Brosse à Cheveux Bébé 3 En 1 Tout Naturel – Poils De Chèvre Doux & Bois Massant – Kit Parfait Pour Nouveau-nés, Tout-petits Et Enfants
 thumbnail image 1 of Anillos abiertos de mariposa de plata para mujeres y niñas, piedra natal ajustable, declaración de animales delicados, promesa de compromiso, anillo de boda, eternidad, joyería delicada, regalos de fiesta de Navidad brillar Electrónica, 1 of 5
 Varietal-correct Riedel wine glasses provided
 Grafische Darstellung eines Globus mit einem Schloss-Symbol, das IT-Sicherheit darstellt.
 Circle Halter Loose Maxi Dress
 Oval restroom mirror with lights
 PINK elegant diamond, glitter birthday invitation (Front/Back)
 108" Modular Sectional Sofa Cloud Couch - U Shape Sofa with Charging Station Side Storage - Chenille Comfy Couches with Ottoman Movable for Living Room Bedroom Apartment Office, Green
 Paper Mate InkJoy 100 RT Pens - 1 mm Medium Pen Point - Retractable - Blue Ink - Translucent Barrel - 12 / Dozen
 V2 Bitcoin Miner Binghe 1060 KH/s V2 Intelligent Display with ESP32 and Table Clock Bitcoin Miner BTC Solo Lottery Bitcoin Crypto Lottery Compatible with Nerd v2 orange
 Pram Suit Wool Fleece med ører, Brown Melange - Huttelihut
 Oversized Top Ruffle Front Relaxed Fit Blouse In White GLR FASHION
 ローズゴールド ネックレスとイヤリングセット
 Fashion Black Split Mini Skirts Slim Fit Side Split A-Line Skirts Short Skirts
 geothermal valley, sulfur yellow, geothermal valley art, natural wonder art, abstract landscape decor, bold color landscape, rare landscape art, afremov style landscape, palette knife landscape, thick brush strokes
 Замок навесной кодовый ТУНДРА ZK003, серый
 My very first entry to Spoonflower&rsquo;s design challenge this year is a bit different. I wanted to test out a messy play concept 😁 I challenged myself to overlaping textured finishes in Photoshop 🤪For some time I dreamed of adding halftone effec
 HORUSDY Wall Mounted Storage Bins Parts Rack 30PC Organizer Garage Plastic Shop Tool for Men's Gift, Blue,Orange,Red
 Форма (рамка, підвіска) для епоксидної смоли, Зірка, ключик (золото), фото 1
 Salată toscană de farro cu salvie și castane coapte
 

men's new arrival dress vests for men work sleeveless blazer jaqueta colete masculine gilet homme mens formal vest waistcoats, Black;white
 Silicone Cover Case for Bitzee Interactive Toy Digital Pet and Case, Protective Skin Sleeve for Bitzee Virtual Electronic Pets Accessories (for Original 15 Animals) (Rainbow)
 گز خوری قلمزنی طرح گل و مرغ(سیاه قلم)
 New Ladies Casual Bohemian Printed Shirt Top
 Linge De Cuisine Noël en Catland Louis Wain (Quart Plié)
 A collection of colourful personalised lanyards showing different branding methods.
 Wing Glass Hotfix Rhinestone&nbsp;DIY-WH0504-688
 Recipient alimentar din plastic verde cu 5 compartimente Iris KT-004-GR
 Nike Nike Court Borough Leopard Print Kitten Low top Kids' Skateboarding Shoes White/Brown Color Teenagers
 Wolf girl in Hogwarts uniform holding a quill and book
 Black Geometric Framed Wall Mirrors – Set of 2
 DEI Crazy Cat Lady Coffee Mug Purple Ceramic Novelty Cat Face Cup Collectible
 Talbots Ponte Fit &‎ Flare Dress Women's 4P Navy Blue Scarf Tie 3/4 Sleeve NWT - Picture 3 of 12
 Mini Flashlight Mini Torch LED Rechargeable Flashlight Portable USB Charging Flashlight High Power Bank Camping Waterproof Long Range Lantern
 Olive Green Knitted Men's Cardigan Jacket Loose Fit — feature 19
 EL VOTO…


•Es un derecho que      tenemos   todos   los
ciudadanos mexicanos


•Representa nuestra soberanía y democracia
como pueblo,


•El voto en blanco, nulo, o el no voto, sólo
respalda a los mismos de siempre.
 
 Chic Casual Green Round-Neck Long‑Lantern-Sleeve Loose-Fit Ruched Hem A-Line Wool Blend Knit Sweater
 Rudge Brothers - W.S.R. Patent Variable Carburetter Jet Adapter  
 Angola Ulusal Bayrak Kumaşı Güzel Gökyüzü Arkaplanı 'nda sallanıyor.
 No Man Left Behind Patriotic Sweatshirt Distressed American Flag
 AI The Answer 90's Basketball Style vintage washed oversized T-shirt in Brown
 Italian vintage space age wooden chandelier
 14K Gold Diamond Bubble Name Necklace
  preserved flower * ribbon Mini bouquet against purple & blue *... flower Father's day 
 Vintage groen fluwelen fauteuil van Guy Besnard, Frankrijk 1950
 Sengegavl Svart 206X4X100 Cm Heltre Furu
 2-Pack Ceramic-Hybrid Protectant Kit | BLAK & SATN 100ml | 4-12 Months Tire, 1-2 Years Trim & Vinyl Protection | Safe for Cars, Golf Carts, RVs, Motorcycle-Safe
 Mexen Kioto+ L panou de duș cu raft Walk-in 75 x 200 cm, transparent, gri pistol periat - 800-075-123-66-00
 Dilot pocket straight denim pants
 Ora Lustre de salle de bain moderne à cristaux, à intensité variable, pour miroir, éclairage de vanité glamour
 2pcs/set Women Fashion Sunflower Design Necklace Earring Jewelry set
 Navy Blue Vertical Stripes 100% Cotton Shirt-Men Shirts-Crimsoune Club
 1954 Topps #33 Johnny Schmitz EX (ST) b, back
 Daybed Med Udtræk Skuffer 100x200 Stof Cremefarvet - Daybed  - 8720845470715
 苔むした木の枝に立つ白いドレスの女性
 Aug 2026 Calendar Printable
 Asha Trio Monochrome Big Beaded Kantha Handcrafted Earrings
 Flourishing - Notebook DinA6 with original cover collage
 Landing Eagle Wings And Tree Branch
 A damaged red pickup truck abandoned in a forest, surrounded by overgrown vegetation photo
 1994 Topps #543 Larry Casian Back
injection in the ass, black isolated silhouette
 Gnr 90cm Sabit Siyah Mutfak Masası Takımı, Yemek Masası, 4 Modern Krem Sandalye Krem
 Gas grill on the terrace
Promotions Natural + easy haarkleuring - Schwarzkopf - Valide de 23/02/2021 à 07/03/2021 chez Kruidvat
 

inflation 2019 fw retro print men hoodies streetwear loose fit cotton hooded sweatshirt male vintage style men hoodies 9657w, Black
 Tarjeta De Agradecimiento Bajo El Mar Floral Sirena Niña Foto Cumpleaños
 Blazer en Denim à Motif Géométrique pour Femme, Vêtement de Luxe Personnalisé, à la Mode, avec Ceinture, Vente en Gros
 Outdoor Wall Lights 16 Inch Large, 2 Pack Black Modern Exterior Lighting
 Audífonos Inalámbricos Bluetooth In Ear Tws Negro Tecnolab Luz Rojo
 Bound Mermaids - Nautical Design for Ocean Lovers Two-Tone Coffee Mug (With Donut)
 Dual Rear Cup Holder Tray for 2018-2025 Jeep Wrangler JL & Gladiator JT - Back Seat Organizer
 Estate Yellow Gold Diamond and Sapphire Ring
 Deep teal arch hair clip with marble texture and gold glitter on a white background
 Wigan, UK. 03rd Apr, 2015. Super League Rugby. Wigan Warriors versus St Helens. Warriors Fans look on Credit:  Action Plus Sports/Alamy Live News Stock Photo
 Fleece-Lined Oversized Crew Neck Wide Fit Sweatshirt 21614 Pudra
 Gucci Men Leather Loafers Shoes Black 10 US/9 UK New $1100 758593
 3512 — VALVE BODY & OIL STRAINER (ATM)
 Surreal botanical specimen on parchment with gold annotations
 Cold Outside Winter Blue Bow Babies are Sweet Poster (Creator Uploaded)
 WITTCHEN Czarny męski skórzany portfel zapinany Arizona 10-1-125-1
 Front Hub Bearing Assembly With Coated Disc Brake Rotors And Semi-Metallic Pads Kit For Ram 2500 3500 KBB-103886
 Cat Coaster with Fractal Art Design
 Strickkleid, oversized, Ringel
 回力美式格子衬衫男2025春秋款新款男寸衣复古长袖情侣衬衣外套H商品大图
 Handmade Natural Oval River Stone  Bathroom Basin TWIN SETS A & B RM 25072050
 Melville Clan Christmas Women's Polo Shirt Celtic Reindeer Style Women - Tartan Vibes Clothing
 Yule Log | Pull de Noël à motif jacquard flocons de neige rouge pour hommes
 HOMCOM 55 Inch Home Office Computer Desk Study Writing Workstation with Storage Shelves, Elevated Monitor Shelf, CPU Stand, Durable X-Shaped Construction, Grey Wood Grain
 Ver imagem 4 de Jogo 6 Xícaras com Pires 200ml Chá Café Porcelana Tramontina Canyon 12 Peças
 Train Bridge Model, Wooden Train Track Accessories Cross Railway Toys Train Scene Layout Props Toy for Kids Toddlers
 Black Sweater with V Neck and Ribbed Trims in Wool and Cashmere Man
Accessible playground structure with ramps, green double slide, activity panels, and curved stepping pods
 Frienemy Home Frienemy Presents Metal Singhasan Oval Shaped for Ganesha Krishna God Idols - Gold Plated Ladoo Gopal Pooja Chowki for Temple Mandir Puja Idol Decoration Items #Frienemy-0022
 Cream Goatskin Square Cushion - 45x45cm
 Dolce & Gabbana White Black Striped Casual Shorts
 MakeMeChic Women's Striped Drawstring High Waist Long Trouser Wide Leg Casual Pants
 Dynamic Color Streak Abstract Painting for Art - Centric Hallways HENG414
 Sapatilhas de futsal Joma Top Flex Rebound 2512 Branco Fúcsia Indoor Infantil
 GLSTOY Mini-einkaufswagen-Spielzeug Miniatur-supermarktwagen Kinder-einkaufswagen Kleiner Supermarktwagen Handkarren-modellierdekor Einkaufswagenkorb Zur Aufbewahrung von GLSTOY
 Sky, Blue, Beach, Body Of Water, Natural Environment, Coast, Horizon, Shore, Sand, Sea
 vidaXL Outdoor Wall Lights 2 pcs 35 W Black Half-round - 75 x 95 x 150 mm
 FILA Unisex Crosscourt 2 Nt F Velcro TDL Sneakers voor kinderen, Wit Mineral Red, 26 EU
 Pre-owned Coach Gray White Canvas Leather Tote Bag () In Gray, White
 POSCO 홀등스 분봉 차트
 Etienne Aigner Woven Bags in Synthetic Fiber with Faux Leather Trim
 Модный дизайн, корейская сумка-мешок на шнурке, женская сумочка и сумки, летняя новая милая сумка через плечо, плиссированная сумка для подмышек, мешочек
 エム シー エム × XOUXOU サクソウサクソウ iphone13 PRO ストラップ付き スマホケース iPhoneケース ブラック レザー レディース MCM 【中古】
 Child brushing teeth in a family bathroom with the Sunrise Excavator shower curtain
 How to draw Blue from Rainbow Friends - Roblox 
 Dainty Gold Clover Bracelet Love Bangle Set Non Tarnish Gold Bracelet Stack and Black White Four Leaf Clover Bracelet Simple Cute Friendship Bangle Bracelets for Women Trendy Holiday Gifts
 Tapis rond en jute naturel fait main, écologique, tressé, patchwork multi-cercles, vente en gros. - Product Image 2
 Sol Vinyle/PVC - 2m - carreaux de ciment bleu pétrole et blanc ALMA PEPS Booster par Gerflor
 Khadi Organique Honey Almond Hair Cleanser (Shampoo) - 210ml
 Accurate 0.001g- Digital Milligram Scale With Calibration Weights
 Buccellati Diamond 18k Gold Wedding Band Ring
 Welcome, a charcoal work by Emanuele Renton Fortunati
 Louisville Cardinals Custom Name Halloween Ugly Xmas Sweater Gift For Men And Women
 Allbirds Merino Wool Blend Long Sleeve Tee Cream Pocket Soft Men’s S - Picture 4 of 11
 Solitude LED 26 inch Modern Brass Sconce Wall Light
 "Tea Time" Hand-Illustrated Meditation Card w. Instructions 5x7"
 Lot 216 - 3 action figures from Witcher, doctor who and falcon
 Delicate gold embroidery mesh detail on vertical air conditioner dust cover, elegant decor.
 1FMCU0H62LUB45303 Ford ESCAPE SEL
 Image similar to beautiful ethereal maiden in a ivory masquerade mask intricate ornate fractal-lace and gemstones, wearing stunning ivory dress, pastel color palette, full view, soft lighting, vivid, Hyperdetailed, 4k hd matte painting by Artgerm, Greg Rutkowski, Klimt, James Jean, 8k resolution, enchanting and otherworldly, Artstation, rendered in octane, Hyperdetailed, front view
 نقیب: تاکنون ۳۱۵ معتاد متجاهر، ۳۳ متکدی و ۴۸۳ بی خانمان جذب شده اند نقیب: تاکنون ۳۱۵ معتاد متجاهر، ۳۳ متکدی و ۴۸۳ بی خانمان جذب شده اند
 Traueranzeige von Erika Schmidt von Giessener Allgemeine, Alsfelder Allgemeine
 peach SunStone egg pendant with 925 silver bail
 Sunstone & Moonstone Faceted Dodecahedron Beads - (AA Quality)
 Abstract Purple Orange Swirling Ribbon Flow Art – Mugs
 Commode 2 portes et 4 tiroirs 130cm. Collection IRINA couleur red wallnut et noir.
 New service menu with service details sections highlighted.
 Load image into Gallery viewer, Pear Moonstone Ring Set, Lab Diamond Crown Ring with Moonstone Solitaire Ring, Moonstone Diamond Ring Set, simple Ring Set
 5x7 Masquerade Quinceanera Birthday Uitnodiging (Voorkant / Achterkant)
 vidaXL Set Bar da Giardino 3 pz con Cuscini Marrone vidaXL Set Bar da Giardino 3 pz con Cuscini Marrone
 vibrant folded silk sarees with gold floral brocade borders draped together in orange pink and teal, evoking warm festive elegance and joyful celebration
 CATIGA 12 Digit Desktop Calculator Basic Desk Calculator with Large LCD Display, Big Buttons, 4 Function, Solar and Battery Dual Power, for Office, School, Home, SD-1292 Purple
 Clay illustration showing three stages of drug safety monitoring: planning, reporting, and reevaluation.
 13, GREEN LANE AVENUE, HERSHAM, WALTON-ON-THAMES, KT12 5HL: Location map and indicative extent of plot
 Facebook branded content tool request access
-*-
Problem description: Which lines of the records above hold the word "Noël"? Copy each of them.

Result below:
 Linge De Cuisine Noël en Catland Louis Wain (Quart Plié)
 Yule Log | Pull de Noël à motif jacquard flocons de neige rouge pour hommes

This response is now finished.